====== INFORMATION SUPPLIED ======
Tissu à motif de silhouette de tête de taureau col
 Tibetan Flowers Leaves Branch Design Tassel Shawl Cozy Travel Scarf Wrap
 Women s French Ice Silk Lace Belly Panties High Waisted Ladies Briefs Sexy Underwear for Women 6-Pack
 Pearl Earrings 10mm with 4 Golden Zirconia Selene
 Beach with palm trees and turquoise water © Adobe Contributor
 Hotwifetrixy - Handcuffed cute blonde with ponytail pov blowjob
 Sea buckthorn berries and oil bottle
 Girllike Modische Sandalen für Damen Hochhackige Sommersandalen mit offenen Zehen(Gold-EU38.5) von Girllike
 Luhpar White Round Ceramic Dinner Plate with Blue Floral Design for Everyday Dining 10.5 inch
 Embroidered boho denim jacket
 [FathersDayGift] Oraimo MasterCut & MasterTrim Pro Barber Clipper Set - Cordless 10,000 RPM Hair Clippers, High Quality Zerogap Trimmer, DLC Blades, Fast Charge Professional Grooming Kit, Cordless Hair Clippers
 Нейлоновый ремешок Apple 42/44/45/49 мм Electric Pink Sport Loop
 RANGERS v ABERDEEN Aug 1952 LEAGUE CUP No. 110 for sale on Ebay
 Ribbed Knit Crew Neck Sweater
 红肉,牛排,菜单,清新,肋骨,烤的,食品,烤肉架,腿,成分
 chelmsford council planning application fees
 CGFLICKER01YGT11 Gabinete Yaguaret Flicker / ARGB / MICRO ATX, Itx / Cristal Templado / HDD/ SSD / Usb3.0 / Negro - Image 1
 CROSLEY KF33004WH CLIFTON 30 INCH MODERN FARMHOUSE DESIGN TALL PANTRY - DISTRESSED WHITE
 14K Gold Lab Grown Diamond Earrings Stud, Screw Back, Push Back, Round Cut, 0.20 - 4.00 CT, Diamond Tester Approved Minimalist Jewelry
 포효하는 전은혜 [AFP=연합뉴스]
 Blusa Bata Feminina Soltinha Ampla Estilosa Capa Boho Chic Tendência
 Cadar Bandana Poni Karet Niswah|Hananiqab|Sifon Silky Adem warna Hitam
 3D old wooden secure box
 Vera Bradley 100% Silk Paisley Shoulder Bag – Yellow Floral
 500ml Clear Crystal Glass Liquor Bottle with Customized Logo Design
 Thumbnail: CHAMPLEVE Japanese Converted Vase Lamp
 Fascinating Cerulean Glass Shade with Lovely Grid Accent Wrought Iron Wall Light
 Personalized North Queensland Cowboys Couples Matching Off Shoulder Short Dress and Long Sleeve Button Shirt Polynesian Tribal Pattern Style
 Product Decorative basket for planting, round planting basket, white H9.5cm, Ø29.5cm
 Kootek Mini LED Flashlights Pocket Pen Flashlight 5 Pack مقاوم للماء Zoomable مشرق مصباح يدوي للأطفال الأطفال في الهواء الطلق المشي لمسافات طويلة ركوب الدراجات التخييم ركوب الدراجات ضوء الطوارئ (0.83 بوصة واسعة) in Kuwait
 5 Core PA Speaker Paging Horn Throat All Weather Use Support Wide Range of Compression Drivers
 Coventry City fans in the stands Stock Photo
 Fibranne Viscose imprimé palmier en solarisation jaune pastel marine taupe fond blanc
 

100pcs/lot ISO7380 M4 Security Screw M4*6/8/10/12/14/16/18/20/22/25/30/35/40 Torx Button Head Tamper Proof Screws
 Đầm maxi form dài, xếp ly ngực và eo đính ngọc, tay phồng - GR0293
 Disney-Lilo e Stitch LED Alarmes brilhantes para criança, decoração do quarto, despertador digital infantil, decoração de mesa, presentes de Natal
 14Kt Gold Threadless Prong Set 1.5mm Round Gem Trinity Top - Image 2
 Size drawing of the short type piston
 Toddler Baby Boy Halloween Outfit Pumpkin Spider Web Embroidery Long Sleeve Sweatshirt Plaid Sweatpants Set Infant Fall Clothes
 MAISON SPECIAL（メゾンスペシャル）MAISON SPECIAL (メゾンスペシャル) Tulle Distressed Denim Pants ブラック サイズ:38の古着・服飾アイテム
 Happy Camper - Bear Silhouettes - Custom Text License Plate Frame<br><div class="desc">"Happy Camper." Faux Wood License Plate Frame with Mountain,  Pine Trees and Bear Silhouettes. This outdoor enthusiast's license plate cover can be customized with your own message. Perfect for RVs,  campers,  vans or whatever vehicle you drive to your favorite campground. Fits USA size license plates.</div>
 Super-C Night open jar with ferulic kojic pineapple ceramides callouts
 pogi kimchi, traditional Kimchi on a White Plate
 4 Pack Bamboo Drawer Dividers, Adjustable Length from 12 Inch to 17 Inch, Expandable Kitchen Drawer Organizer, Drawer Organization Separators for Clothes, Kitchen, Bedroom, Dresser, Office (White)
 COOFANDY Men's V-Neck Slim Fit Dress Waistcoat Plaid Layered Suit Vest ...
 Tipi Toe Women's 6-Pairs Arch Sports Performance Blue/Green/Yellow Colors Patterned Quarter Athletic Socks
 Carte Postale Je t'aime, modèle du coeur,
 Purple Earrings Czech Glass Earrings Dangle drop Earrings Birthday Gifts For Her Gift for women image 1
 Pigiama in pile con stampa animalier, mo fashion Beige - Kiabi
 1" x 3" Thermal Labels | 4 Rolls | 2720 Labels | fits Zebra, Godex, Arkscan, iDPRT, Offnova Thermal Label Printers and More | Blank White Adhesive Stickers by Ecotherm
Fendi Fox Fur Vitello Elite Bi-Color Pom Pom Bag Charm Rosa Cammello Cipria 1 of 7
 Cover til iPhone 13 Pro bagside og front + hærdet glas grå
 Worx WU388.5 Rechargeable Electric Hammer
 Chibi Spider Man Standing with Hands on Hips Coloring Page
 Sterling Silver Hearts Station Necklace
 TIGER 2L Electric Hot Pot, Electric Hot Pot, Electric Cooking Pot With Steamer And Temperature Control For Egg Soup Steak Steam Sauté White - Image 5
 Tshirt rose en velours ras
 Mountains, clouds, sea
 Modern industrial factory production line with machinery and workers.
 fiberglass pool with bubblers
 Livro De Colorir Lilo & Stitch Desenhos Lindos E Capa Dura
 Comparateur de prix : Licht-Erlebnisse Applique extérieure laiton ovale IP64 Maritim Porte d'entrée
======
HOW TO COMPLETE THIS TASK: Repeat each line of the data exactly, missing none.

ANSWER FOR THIS EXERCISE:
Tissu à motif de silhouette de tête de taureau col
 Tibetan Flowers Leaves Branch Design Tassel Shawl Cozy Travel Scarf Wrap
 Women s French Ice Silk Lace Belly Panties High Waisted Ladies Briefs Sexy Underwear for Women 6-Pack
 Pearl Earrings 10mm with 4 Golden Zirconia Selene
 Beach with palm trees and turquoise water © Adobe Contributor
 Hotwifetrixy - Handcuffed cute blonde with ponytail pov blowjob
 Sea buckthorn berries and oil bottle
 Girllike Modische Sandalen für Damen Hochhackige Sommersandalen mit offenen Zehen(Gold-EU38.5) von Girllike
 Luhpar White Round Ceramic Dinner Plate with Blue Floral Design for Everyday Dining 10.5 inch
 Embroidered boho denim jacket
 [FathersDayGift] Oraimo MasterCut & MasterTrim Pro Barber Clipper Set - Cordless 10,000 RPM Hair Clippers, High Quality Zerogap Trimmer, DLC Blades, Fast Charge Professional Grooming Kit, Cordless Hair Clippers
 Нейлоновый ремешок Apple 42/44/45/49 мм Electric Pink Sport Loop
 RANGERS v ABERDEEN Aug 1952 LEAGUE CUP No. 110 for sale on Ebay
 Ribbed Knit Crew Neck Sweater
 红肉,牛排,菜单,清新,肋骨,烤的,食品,烤肉架,腿,成分
 chelmsford council planning application fees
 CGFLICKER01YGT11 Gabinete Yaguaret Flicker / ARGB / MICRO ATX, Itx / Cristal Templado / HDD/ SSD / Usb3.0 / Negro - Image 1
 CROSLEY KF33004WH CLIFTON 30 INCH MODERN FARMHOUSE DESIGN TALL PANTRY - DISTRESSED WHITE
 14K Gold Lab Grown Diamond Earrings Stud, Screw Back, Push Back, Round Cut, 0.20 - 4.00 CT, Diamond Tester Approved Minimalist Jewelry
 포효하는 전은혜 [AFP=연합뉴스]
 Blusa Bata Feminina Soltinha Ampla Estilosa Capa Boho Chic Tendência
 Cadar Bandana Poni Karet Niswah|Hananiqab|Sifon Silky Adem warna Hitam
 3D old wooden secure box
 Vera Bradley 100% Silk Paisley Shoulder Bag – Yellow Floral
 500ml Clear Crystal Glass Liquor Bottle with Customized Logo Design
 Thumbnail: CHAMPLEVE Japanese Converted Vase Lamp
 Fascinating Cerulean Glass Shade with Lovely Grid Accent Wrought Iron Wall Light
 Personalized North Queensland Cowboys Couples Matching Off Shoulder Short Dress and Long Sleeve Button Shirt Polynesian Tribal Pattern Style
 Product Decorative basket for planting, round planting basket, white H9.5cm, Ø29.5cm
 Kootek Mini LED Flashlights Pocket Pen Flashlight 5 Pack مقاوم للماء Zoomable مشرق مصباح يدوي للأطفال الأطفال في الهواء الطلق المشي لمسافات طويلة ركوب الدراجات التخييم ركوب الدراجات ضوء الطوارئ (0.83 بوصة واسعة) in Kuwait
 5 Core PA Speaker Paging Horn Throat All Weather Use Support Wide Range of Compression Drivers
 Coventry City fans in the stands Stock Photo
 Fibranne Viscose imprimé palmier en solarisation jaune pastel marine taupe fond blanc
 

100pcs/lot ISO7380 M4 Security Screw M4*6/8/10/12/14/16/18/20/22/25/30/35/40 Torx Button Head Tamper Proof Screws
 Đầm maxi form dài, xếp ly ngực và eo đính ngọc, tay phồng - GR0293
 Disney-Lilo e Stitch LED Alarmes brilhantes para criança, decoração do quarto, despertador digital infantil, decoração de mesa, presentes de Natal
 14Kt Gold Threadless Prong Set 1.5mm Round Gem Trinity Top - Image 2
 Size drawing of the short type piston
 Toddler Baby Boy Halloween Outfit Pumpkin Spider Web Embroidery Long Sleeve Sweatshirt Plaid Sweatpants Set Infant Fall Clothes
 MAISON SPECIAL（メゾンスペシャル）MAISON SPECIAL (メゾンスペシャル) Tulle Distressed Denim Pants ブラック サイズ:38の古着・服飾アイテム
 Happy Camper - Bear Silhouettes - Custom Text License Plate Frame<br><div class="desc">"Happy Camper." Faux Wood License Plate Frame with Mountain,  Pine Trees and Bear Silhouettes. This outdoor enthusiast's license plate cover can be customized with your own message. Perfect for RVs,  campers,  vans or whatever vehicle you drive to your favorite campground. Fits USA size license plates.</div>
 Super-C Night open jar with ferulic kojic pineapple ceramides callouts
 pogi kimchi, traditional Kimchi on a White Plate
 4 Pack Bamboo Drawer Dividers, Adjustable Length from 12 Inch to 17 Inch, Expandable Kitchen Drawer Organizer, Drawer Organization Separators for Clothes, Kitchen, Bedroom, Dresser, Office (White)
 COOFANDY Men's V-Neck Slim Fit Dress Waistcoat Plaid Layered Suit Vest ...
 Tipi Toe Women's 6-Pairs Arch Sports Performance Blue/Green/Yellow Colors Patterned Quarter Athletic Socks
 Carte Postale Je t'aime, modèle du coeur,
 Purple Earrings Czech Glass Earrings Dangle drop Earrings Birthday Gifts For Her Gift for women image 1
 Pigiama in pile con stampa animalier, mo fashion Beige - Kiabi
 1" x 3" Thermal Labels | 4 Rolls | 2720 Labels | fits Zebra, Godex, Arkscan, iDPRT, Offnova Thermal Label Printers and More | Blank White Adhesive Stickers by Ecotherm
Fendi Fox Fur Vitello Elite Bi-Color Pom Pom Bag Charm Rosa Cammello Cipria 1 of 7
 Cover til iPhone 13 Pro bagside og front + hærdet glas grå
 Worx WU388.5 Rechargeable Electric Hammer
 Chibi Spider Man Standing with Hands on Hips Coloring Page
 Sterling Silver Hearts Station Necklace
 TIGER 2L Electric Hot Pot, Electric Hot Pot, Electric Cooking Pot With Steamer And Temperature Control For Egg Soup Steak Steam Sauté White - Image 5
 Tshirt rose en velours ras
 Mountains, clouds, sea
 Modern industrial factory production line with machinery and workers.
 fiberglass pool with bubblers
 Livro De Colorir Lilo & Stitch Desenhos Lindos E Capa Dura
 Comparateur de prix : Licht-Erlebnisse Applique extérieure laiton ovale IP64 Maritim Porte d'entrée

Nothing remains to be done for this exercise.